En fin, ya me he alargado mucho con este cuento, así que negando la hiperproductividad, decapito aquí este artículo. Sin embargo, si las respuestas a esta, mi humilde aportación, son positivas, o negativas dando vida así a la crítica de Han, estaría ansioso por abordar la que para mí es la mejor de sus obras, La sociedad de la transparencia. Una obra que recuerda a aquella canción de Parálisis Permanente de “Autosuficiente”. En ella el juego de lo positivo toma una dirección completamente distinta y hasta la sexualidad se pone en jaque para ilustrarnos sobre un mundo que ahoga la intimidad y desangra la erótica. La decisión está en tu mano, seas quien seas, y me enorgullece que no hayas estado demasiado cansado como para llegar hasta esta línea. O, tal vez, solo lo has hecho porque tienes la extraña obligación de acabar lo que empiezas, aunque no te guste. Tal vez solo contemples el punto final, porque no eres sino otra pieza autoexplotada que se autoexige terminar este onanismo filosófico hasta este punto, que estoy a punto de escribir.
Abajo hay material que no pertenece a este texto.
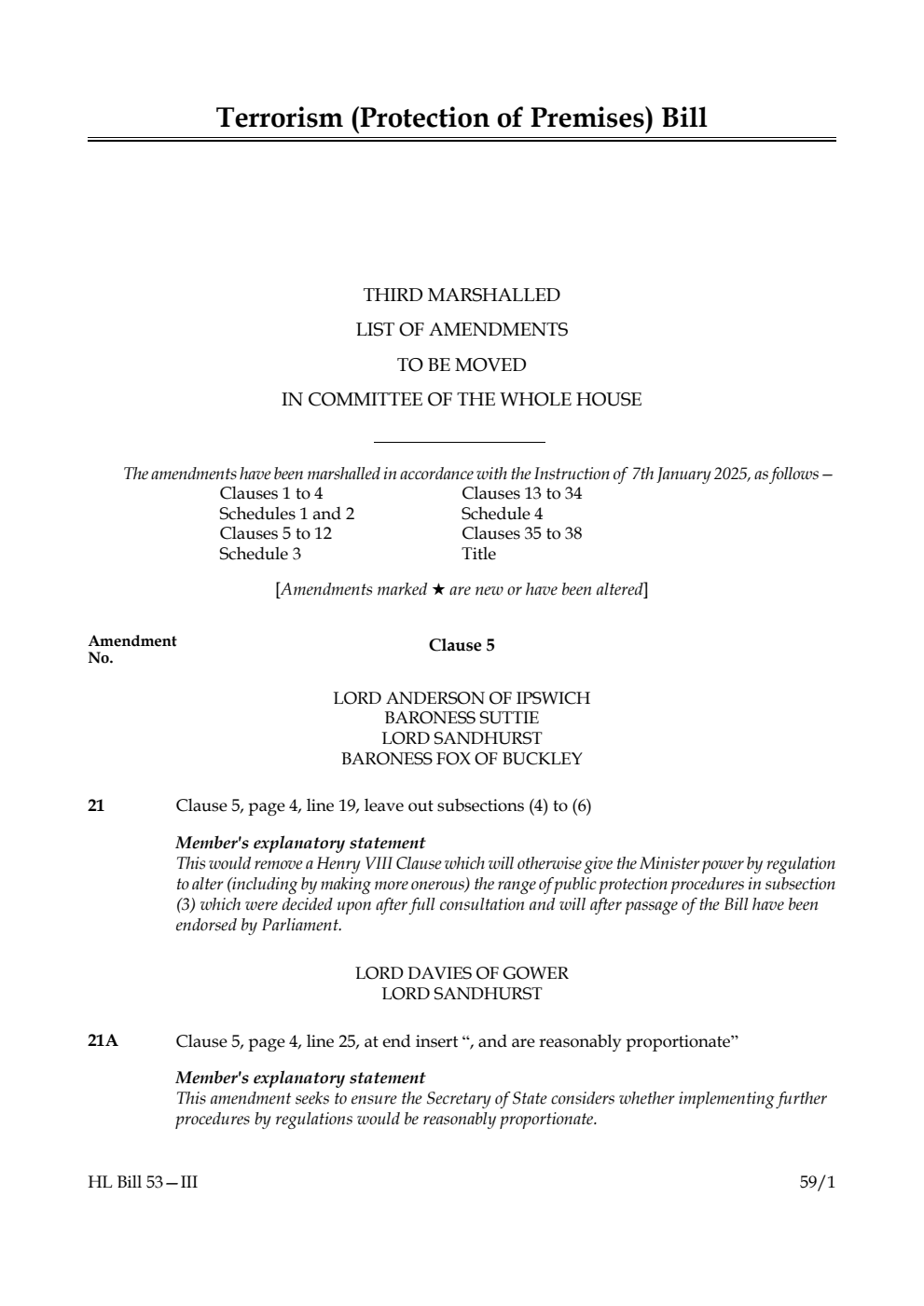 Terrorism (Protection of Premises) Bill Third Marshalled List of amendments to be moved in Committee of the Whole House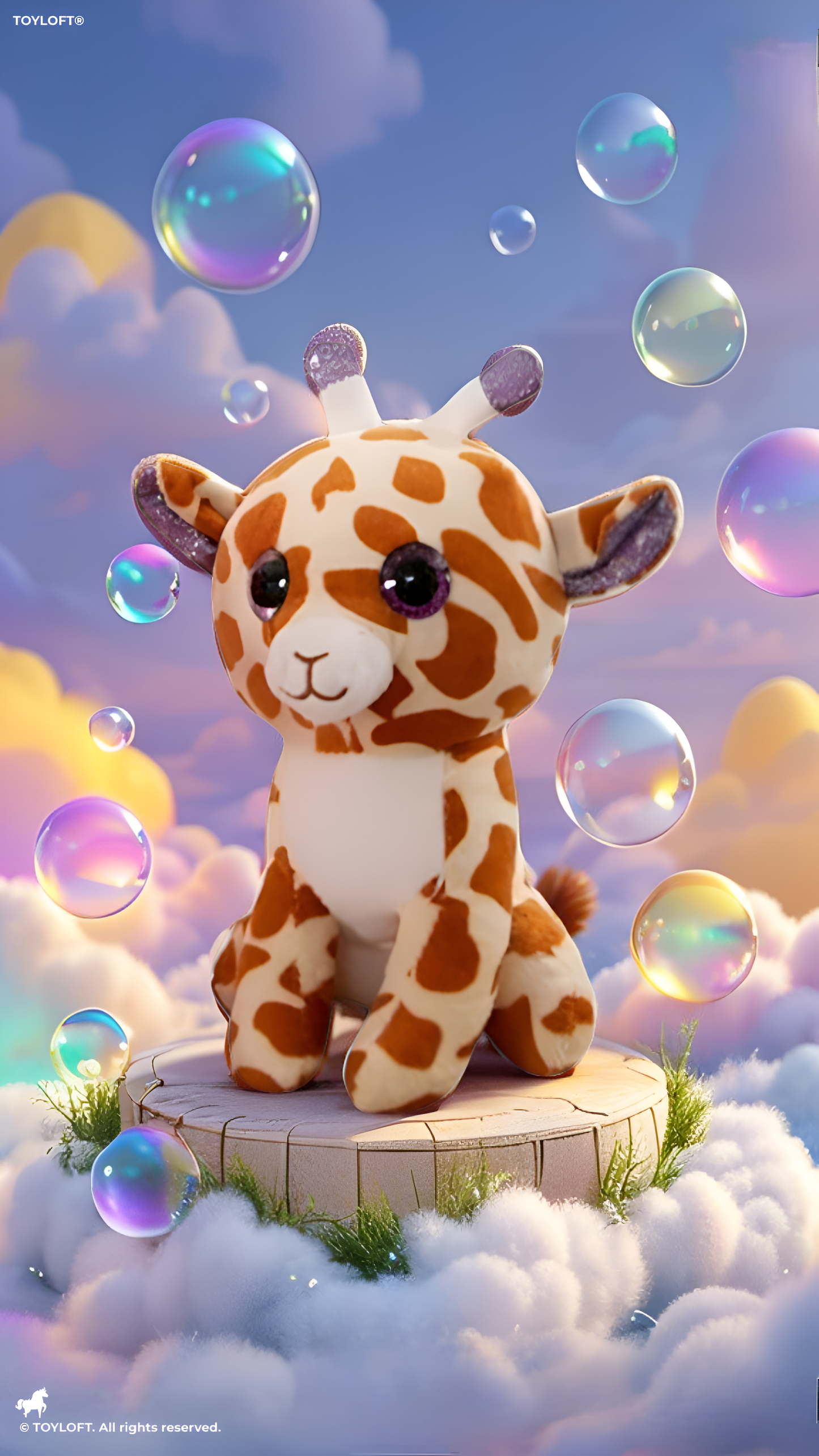 Yellow - Glitter-Eyed Giraffe Plush Toy - 7 Inch Stuffed Soft Toy Animal for Kids ST11913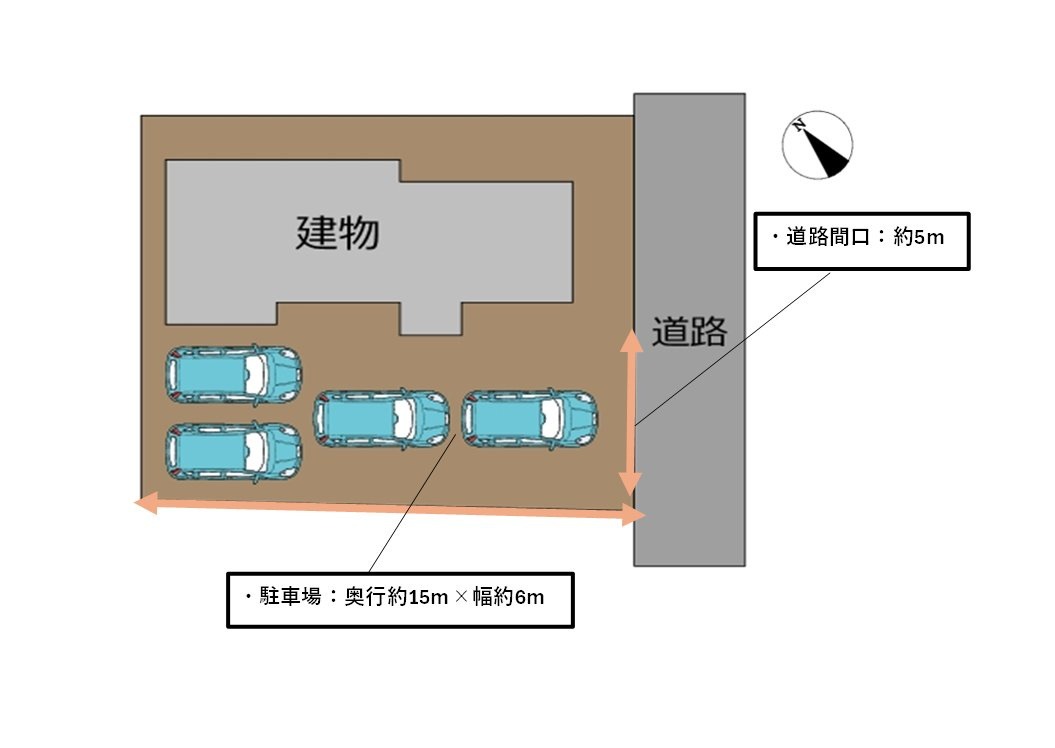 中古戸建　岩瀬郡鏡石町岡ノ内　第一小・鏡石中の区画図|〈リフォーム済み〉駐車スペースは3台可能（車種による）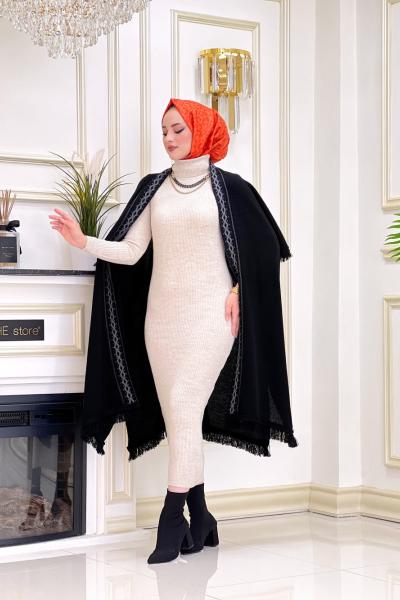 Fidan Triko Elbise Krem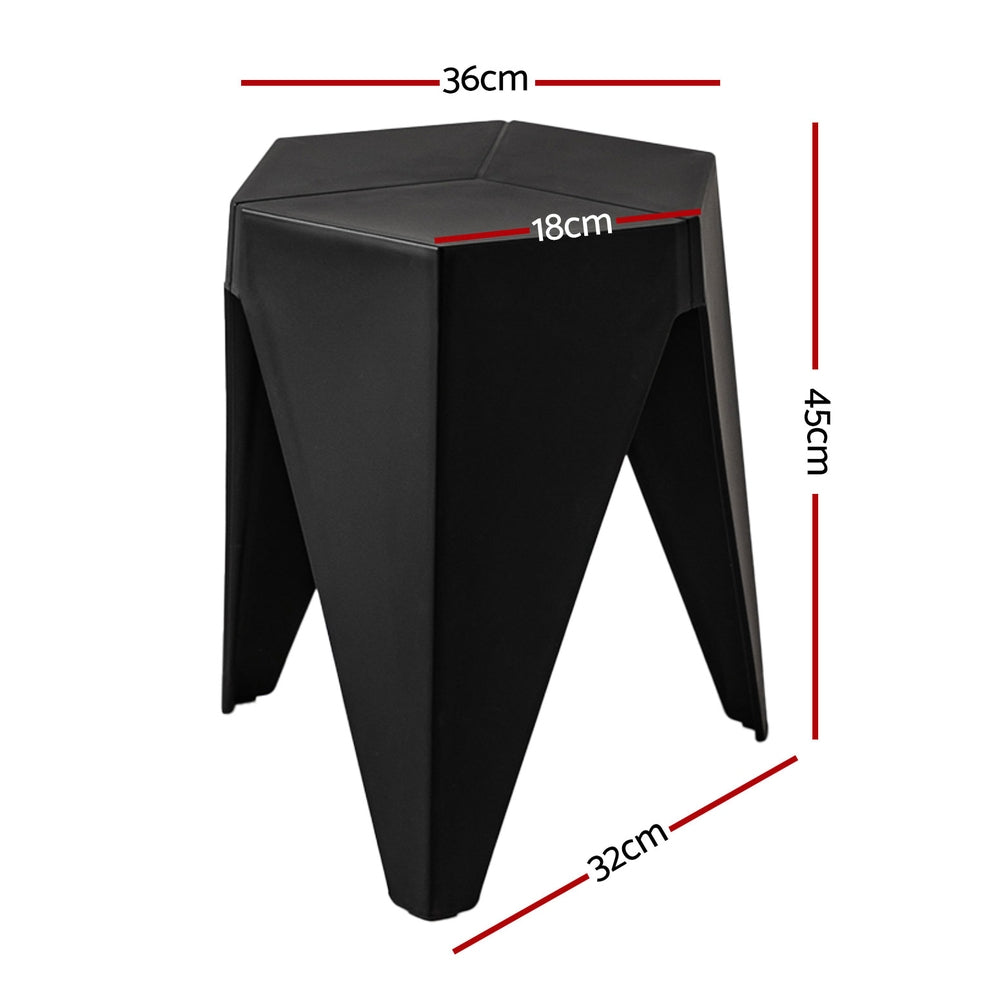 Arlo Puzzle Stackable Stools – Black – Set of 4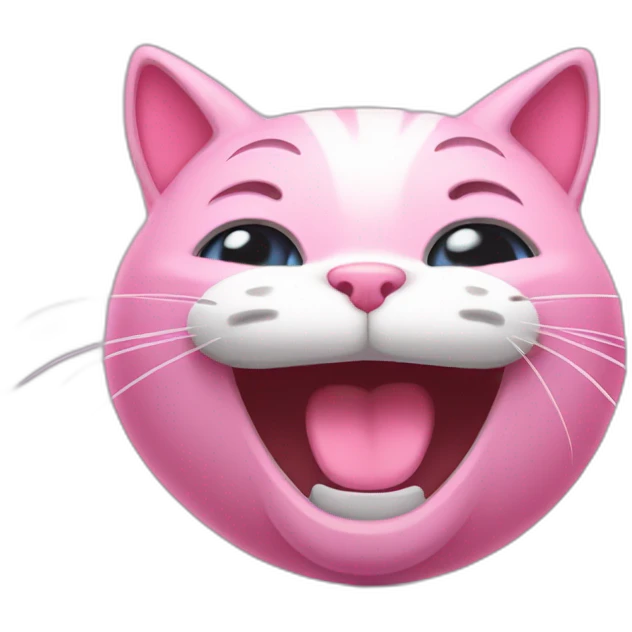 Pink Kitty cat with loud laughter emoji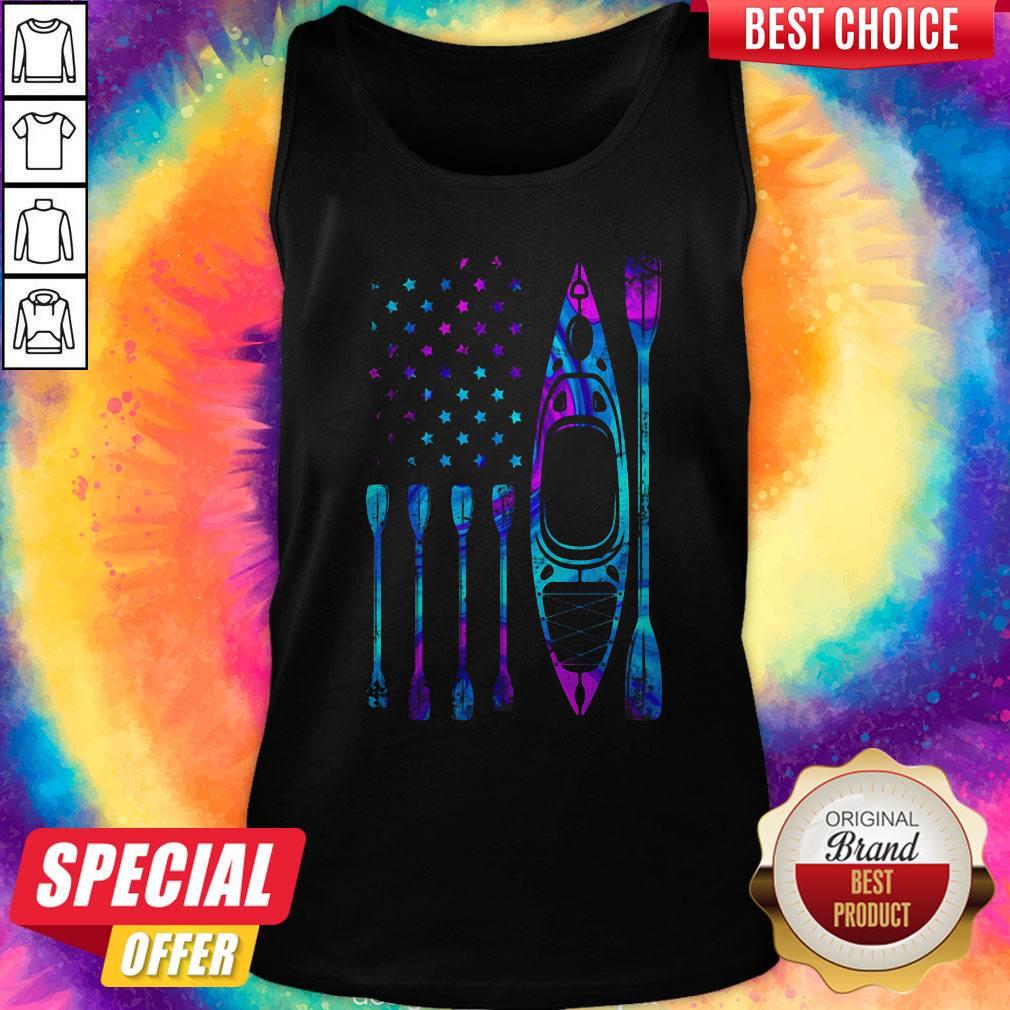 Funny Kayaking American Flag Shirt - Image 3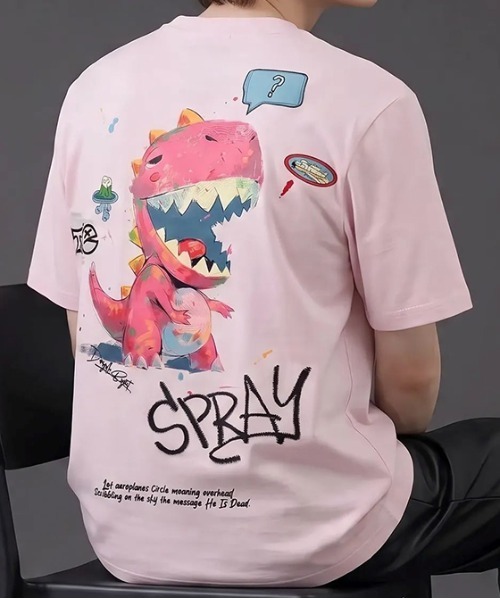 revertical(リバーティカル)の「ダイナソー キャラクター アートグラフィック バックプリント 半袖Tシャツ(Tシャツ/カットソー・メンズ・ピンク/ブラック/ホワイト・MEDIUM/LARGE)」の3枚目の写真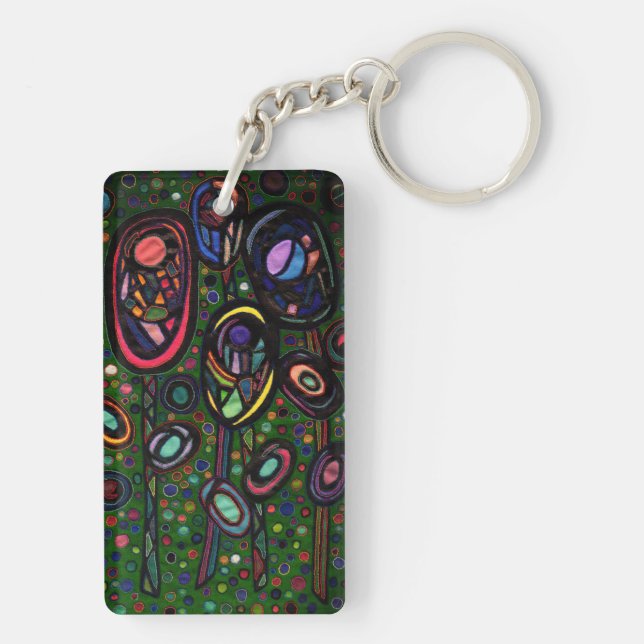 Patterned flowers key ring (Back)
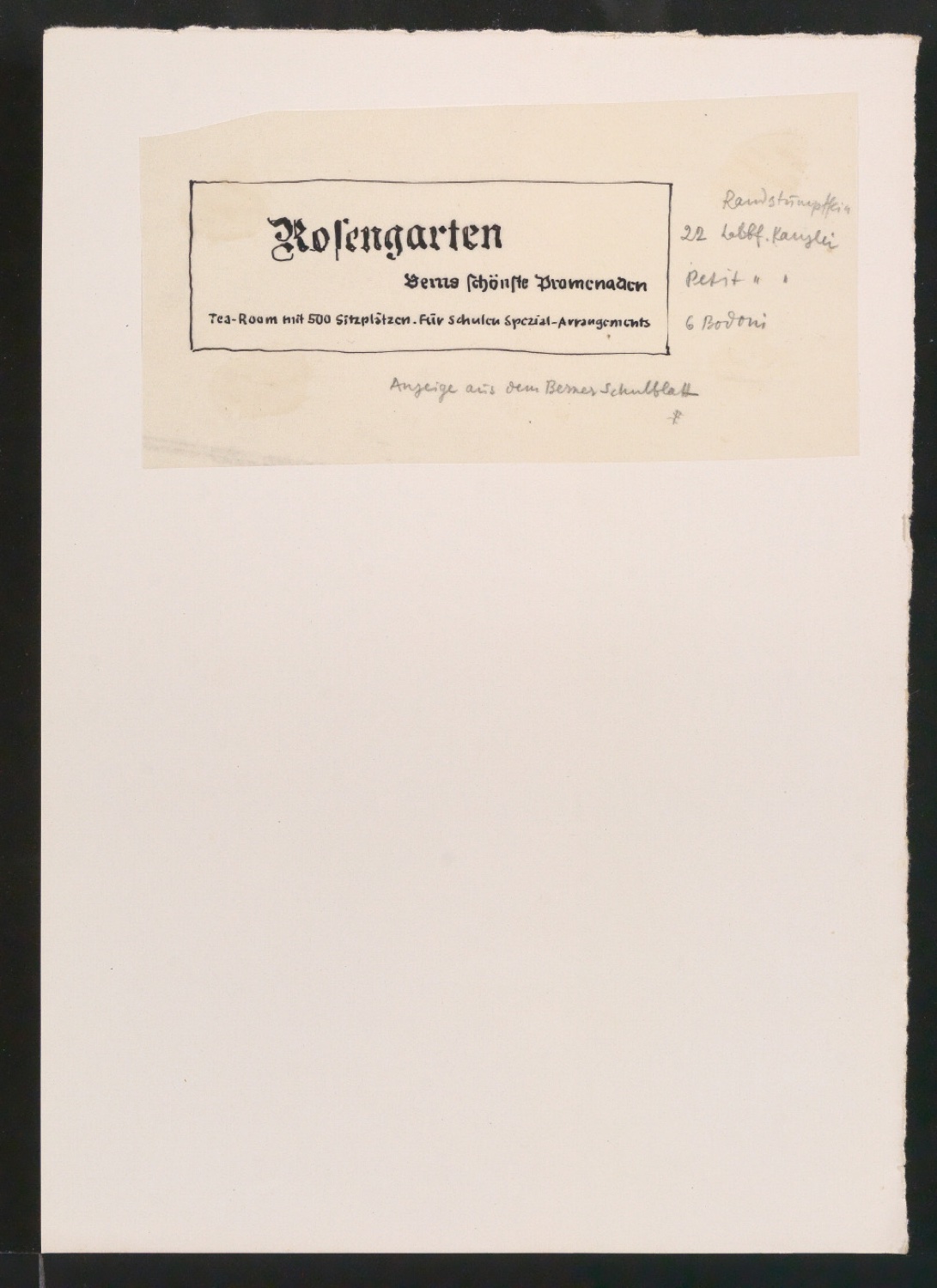 Vielleicht-Seiten [mit Beispielen von Gebrauchsgrafik für Typographische Gestaltung] — Blatt 34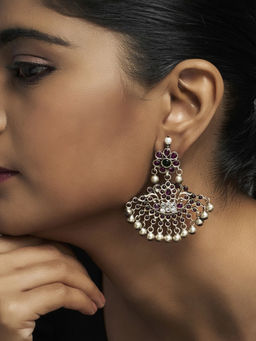 Divas Mantra - Blanche Long Dangler Earrings with Red Spinel Stones, Pearls and CZ Stones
P.D: Mi compañero de piso está masturbándose metafóricamente con la brillante oportunidad de trabajar en un sitio de mierda por un dinero que no necesita. Se siente cansado, estresado, un poco deprimido. El médico le ha recetado ansiolíticos, veremos cuanto tardo en encontrármelo cruficado a base de pastillas, con una sonrisa de oreja a oreja, por habérsele colapsado el cerebro de tanto trabajar en un sitio que no le gusta, por un dinero que no necesita y con el único y firme objetivo de demostrarse a si mismo que puede ser un miembro productivo e independiente de la sociedad. Otro Prometeo, que se picotea las tripas con su obligada libertad.